Gridview Service at CERN

This page documents the deployment of the Gridview service at CERN.

Gridview Related Links:

  1. Gridview Twiki Page
  2. Gridview Service Dash Board Notes
  3. Gridview Deployment at CERN
  4. Gridview Admin Guide
  5. Quattor Installation of Gridview
  6. Gridview Software Release Status
  7. Installation and Configuration of Gridview Publisher
  8. Installation and Configuration of Gridview Web Service Clients
  9. Using Gridview XML Interface
  10. URL for Excel Report generation
  11. Downloads
  12. New Gridview Interface
  13. Gridview Monthly Availabilities and Reports

Contents

Gridview Components

The following diagram shows all the different modules of the Gridview application and their relation to each other.

gridview_service.jpg

Each of the above modules is described here:

SAM/Gridview Data Repository:

This repository contains all raw data collected by SAM and Gridview archivers pertaining to Service Availability, Data transfer and Job Status Monitoring modules. It also contains the summary data computed by Gridview summarizers. We use Oracle 10g on RAC for this purpose.

Archivers:

Archivers are programs that receive raw monitoring data published from sites all over the grid and store it in the Data Repository. Currently Gridview archives 4 kinds of data:
  • Gridftp Logs: Data transfer Logs collected from Gridftp servers in LCG/EGEE.
  • Job Status Logs: These logs are collected from Resource Brokers.
  • SAM test results: These are the result of SAM tests being launched by the SAM framework on LCG/EGEE sites.
  • FTS logs: These are file transfer logs collected from FTS servers
There are various ways through which these logs are collected:
  • R-GMA: Gridftp and Job status logs from non-CERN sites are transported by means of R-GMA and archived by Gridview's R-GMA based archivers.
  • Web services: Gridftp and Job status logs from CERN and FTS logs are transported by means of Gridview's web services.
  • SAM test results: These data are archived by SAM service's web service archivers and written to the SAM/Gridview repository

Summarizers:

Summarizers are programs that read raw monitoring data from the repository and analyze and compute summaries from these raw data. Gridview has different summarization programs that compute data transfer, job status, SAM and FTS summaries.

Synchronizers:

In order to compute summaries from raw data, Gridview needs different pieces of information available in databases across LCG/EGEE. For better performance, Gridview uses synchronizer modules that copy this information from the remote databases onto the data repository and also keep this information synchronized between the two databases. There are currently two synchronizers running:
  • GOCDB Synchronizer: Gridview reads the GOCDB tables containing site and node information and scheduled shutdown information
  • CIC Portal Synchronizer: Information about VOs are read from the CIC database.
At present, both GOCDB and CIC databases are Oracle based and direct read only access is provided to Gridview servers.

Frontend:

This is the interface users see to access Gridview. This is provided by the Gridview presentation module, which has a web interface and programs to generate the wide variety of Gridview graphs.

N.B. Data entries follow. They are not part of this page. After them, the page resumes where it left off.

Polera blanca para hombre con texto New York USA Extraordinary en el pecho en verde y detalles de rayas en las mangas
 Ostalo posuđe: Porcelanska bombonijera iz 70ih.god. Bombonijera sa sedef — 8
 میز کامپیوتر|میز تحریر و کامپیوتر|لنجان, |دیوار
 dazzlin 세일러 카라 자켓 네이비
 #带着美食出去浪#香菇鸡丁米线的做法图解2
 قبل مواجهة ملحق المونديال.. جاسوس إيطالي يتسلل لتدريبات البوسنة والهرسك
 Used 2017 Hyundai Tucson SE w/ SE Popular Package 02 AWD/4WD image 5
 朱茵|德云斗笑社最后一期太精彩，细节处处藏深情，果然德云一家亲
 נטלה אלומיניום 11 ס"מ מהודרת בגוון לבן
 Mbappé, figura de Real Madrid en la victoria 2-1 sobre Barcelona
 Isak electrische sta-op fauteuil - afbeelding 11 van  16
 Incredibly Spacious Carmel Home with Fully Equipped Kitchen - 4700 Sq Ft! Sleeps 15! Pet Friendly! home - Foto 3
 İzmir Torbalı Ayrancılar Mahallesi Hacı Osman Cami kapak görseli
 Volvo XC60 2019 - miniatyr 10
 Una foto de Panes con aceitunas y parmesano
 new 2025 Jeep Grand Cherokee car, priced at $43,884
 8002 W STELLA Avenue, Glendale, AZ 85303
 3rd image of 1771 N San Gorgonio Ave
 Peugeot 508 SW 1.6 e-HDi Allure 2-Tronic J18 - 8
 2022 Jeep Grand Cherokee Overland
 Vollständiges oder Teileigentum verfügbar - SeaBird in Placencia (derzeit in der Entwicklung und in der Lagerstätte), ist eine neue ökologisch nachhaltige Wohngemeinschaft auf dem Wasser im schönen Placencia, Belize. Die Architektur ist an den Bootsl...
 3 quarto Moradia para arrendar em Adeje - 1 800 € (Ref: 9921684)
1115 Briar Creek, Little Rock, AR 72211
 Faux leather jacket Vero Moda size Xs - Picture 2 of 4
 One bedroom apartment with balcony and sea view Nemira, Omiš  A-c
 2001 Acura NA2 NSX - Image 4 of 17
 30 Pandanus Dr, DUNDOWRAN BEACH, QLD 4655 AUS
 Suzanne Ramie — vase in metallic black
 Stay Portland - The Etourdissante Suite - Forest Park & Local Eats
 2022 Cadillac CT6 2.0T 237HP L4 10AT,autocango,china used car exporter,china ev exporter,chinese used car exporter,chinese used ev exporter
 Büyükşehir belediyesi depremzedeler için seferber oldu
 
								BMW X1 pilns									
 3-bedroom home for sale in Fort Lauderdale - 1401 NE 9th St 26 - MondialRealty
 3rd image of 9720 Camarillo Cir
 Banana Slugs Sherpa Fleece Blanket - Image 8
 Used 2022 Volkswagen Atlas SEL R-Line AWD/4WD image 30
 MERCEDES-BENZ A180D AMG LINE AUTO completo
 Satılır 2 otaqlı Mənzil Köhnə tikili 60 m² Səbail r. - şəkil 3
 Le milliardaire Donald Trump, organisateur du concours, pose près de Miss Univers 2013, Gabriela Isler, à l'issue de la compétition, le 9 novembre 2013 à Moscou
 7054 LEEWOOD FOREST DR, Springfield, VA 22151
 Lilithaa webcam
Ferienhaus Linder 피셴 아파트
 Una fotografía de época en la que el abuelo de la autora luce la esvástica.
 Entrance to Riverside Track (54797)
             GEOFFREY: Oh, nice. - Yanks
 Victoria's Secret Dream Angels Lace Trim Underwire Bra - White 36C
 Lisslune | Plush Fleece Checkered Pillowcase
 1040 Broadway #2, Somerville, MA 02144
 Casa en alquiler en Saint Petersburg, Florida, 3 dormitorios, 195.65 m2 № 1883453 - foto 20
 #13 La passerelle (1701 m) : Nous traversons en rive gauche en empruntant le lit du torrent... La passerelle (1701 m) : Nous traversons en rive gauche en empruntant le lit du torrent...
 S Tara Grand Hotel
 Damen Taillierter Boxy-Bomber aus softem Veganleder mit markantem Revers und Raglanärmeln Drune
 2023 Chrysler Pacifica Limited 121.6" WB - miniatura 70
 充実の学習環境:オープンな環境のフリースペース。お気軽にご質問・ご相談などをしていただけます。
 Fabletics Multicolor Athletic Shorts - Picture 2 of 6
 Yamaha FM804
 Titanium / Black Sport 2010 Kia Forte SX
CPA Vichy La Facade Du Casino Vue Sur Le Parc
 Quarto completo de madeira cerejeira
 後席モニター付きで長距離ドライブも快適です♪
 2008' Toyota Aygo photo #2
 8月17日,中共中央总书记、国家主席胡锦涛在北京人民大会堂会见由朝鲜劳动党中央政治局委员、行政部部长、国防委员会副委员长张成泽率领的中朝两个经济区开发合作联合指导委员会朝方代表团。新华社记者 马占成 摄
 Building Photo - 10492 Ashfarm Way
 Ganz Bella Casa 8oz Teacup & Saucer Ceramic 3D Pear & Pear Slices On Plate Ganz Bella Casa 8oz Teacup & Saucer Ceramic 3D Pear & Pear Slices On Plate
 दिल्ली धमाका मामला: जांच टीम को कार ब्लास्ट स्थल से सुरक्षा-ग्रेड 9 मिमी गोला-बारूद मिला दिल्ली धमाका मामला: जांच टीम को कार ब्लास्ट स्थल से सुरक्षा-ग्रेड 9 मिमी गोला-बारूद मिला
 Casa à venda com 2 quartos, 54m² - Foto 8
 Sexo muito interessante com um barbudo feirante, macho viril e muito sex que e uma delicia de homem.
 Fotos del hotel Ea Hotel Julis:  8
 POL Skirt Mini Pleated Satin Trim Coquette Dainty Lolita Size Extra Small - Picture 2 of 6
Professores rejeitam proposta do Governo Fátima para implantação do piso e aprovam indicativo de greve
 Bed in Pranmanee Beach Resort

Gridview module inter-dependencies:

Gridview has been developed as a set of independent modules with the flexibility of deploying them in various ways. Though it is possible to install all Gridview modules on a single server, it is preferred to split them across multiple servers in order to increase efficiency and reduce response time. The module inter-dependencies are as listed below:

  • The gridview common module has to be installed on every gridview server
  • All front end modules (data transfer, job status, fts and service availability) have to be installed on the same server.
  • Each archiver can be installed on a different machine if required
  • The gridview-arch-common module has to be installed on each archiver machine
  • Each summarizer can be installed on a different machine if required
  • Each synchronizer can be installed on a different machine if required

It is the responsibility of the system admin installing the modules to ensure that multiple instances of the same module do not run on different servers. Exceptions are: gridview-common and gridview-arch-common modules.

Further note that:

  • All gridview modules installed on a server share a common directory tree under /opt/gridview.
  • The configuration files are always stored in /opt/gridview/etc directory
  • The logs are always written to /var/log/gridview directory. The only exception is the log of the frontend modules which run under Apache web server and therefore get written into the Apache log files in /var/log/httpd directory.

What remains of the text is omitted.